The Cremer Family’s Passover Hazelnut Game

Nationality: American
Age: 20
Occupation: Student
Residence: Barrington, Illinois
Performance Date: April 16, 2018
Primary Language: English

Background:  I had approached Hannah about telling me about her family Passover tradition that she had fleetingly mentioned at Shabbat Dinner at Hillel at the University of Southern California. She had talked about a hazelnut game for children during Passover that is unique to her family. Hannah goes to her grandparent’s house for the first night of Passover and celebrates the second night at her great-aunts house. She is from Illinois.

Context: I interviewed Hannah in the dining room of our sorority house, Delta Delta Delta. It was right after dinnertime so the dining room was full of people with coffee or tea chatting in the background of our conversation.

“Basically it’s kind of like marbles but we play with hazelnuts and my great-grandfather came up with it. We play with shelled hazelnuts. Everyone sits in a circle and you have your own little pile of hazelnuts which are like the ammo and in the center they spread them out, like a dozen or whatever, and then the kids all go around and take a turn throwing one of their hazelnuts from their personal pile at the ones in the center. If you hit one in the center then you get a quarter. Then as the game progresses there are stacks of quarters with a hazelnut on top that are in the center which are the jackpot pieces.
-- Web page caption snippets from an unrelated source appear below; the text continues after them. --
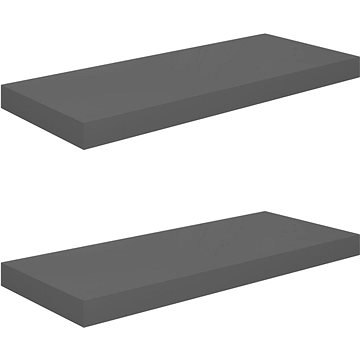 Shumee plovoucí nástěnné 2 ks šedé vysoký lesk 60×23,5×3,8 cm, 323791 (323791)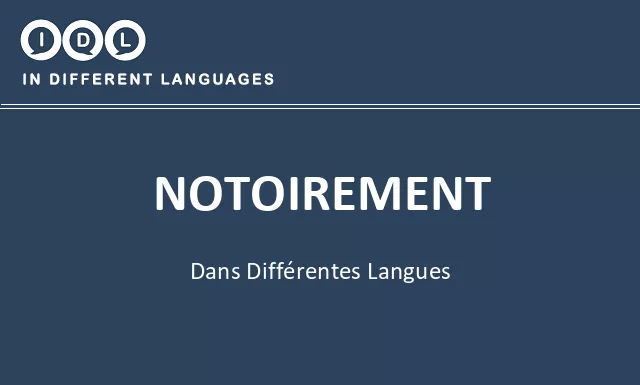 Notoirement dans différentes langues - Image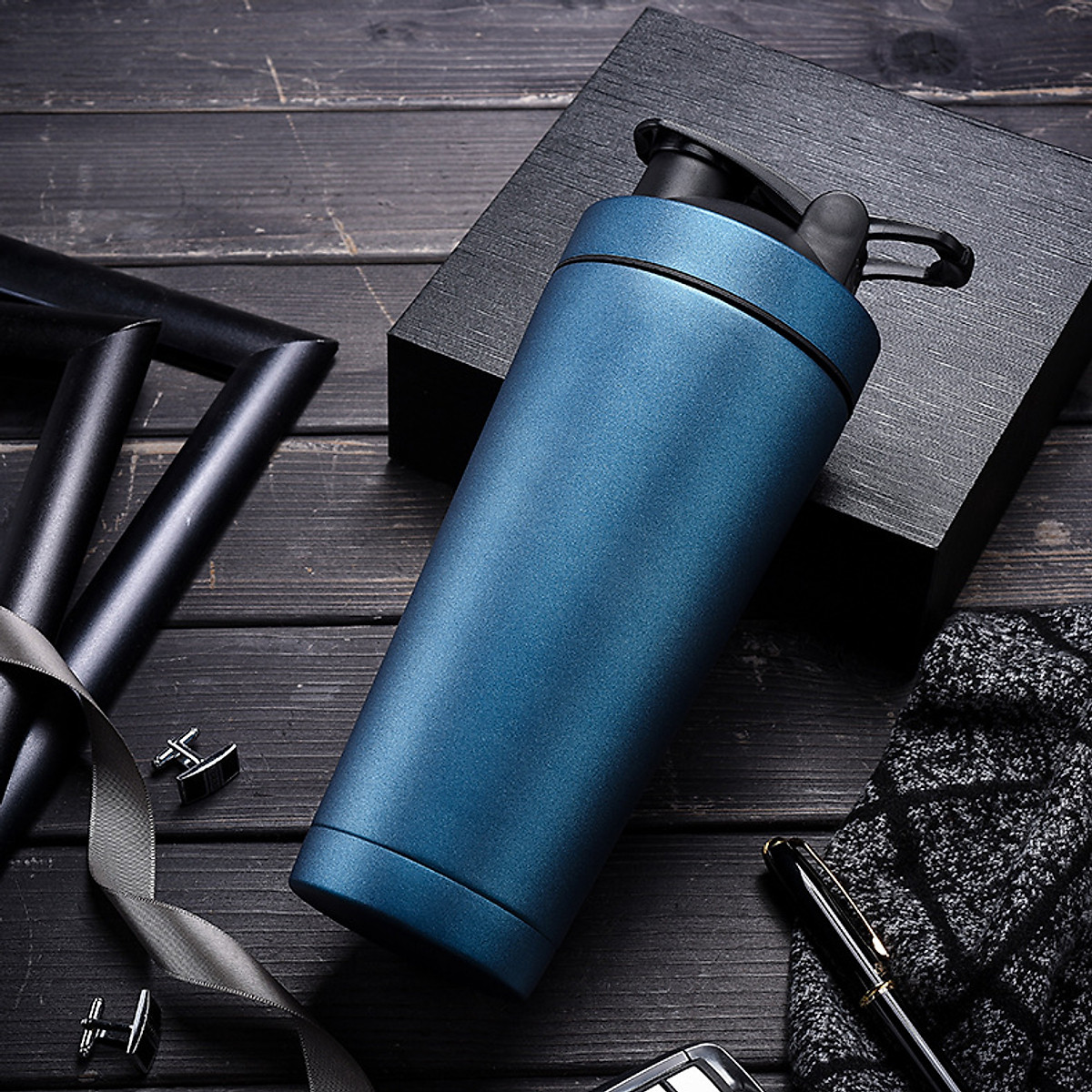 Bình lắc gym, bình lắc shaker, bình nước thể thao inox giữ nhiệt + kèm quả lắc Lò Xo - Hàng chính hãng DoDoDios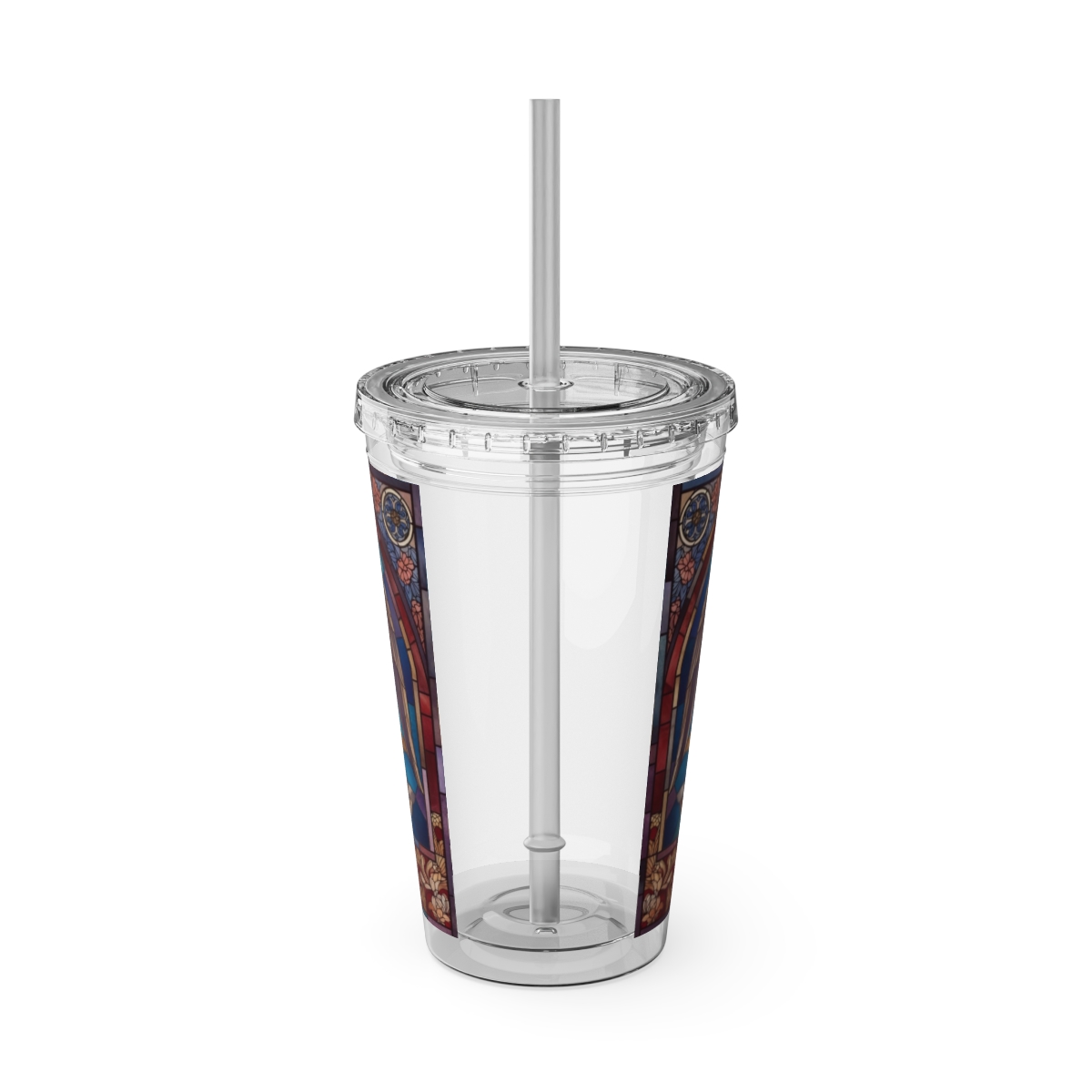 Stained Glass Church 16oz Tumbler with Straw — "Mother Bethel" Design mockup 4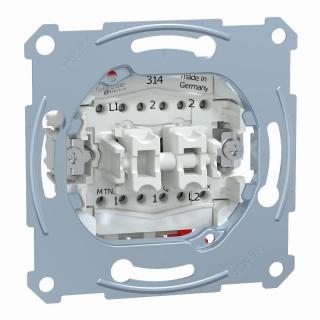 Merten mechanizm łącznika podwójnego schodowego, zacisk bezśrubowy, 250V AC  10A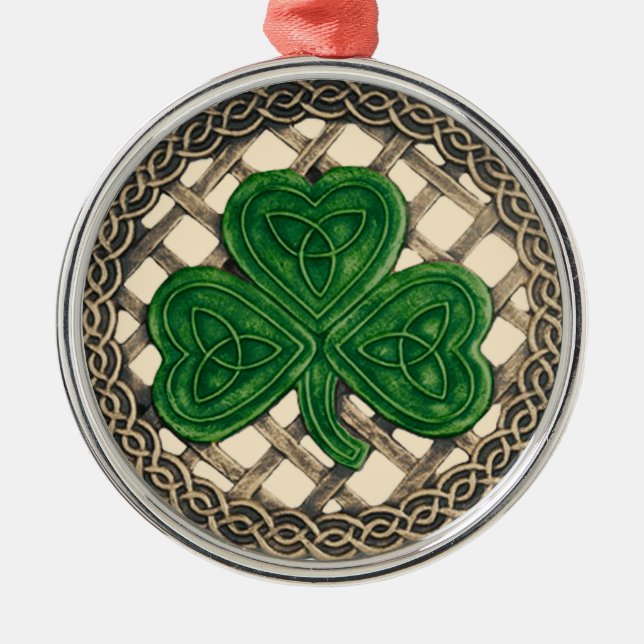 Shamrock and Celtic Knots Ornament Beige (Framsidan)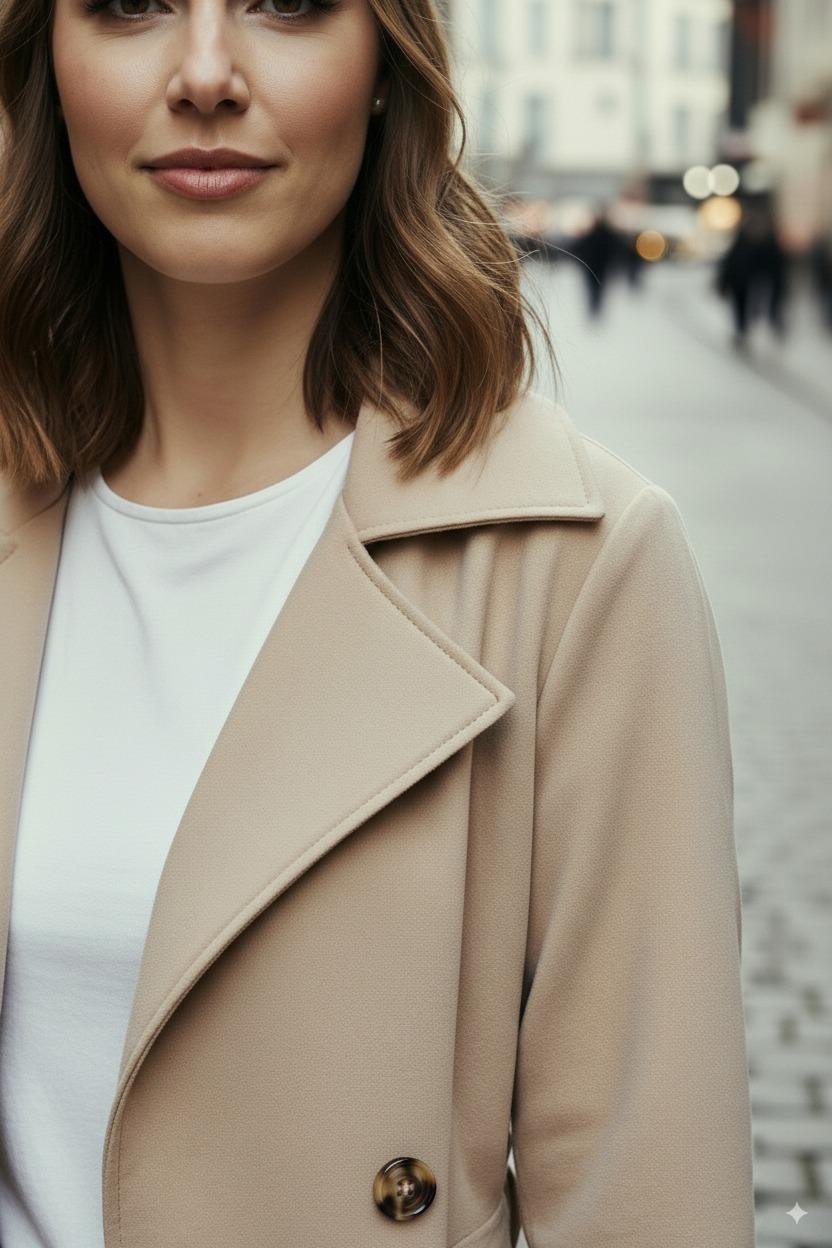 Klassischer Trenchcoat - Wildlederoptik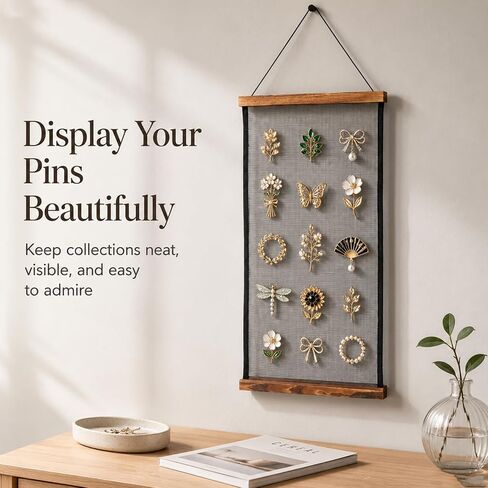 Brooch Pin Organizer with Wooden Frame, 11.8''x23.6'' Large Mesh Pin Display Board, Wall Hanging Jewelry Storage, Brooch and Enamel Pin Collection Display for Home, Office in Kuwait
When you hit the hazelnut off the stack of quarters, then you get the hazelnut plus the whole stack. So it’s pretty fun, I don’t know. You play it until you’re at bar or bat mitzvah age and then my grandpa is always the one that runs it all. His grandfather was the one that came up with the game. So we’ve been playing it for a really long time with the exact same hazelnuts. I don’t know how they’ve lasted this long, they’re 60 years old. It’s so gross. I was the only granddaughter until I was 12 so I always got some extra quarters tossed my way. It was always a fun game. When you’re a little kid, the Passover seder is so long to sit through. We would play the game right before dessert. So after the seder and dinner- it was something to look forward to. We always played on the basement floor of my grandparents house. It’s really bizarre. My great grandparents were born in Odessa, Russia. My grandparents were born here. My grandpa learned it from his father. I think it’s important to my grandpa that we keep playing this game. All the hazelnuts are the original hazelnuts, we don’t replace them with any new ones. My dad’s whole side of the family is Eastern-European and came to the US around the early 1900s. I didn’t know that other people didn’t play this game until I was pretty old. I truly had no idea, I thought everyone played this.”

Reflection: I am Jewish and grew up in Los Angeles going to Jewish day school. I have never heard of a tradition like this one, from my friends or family.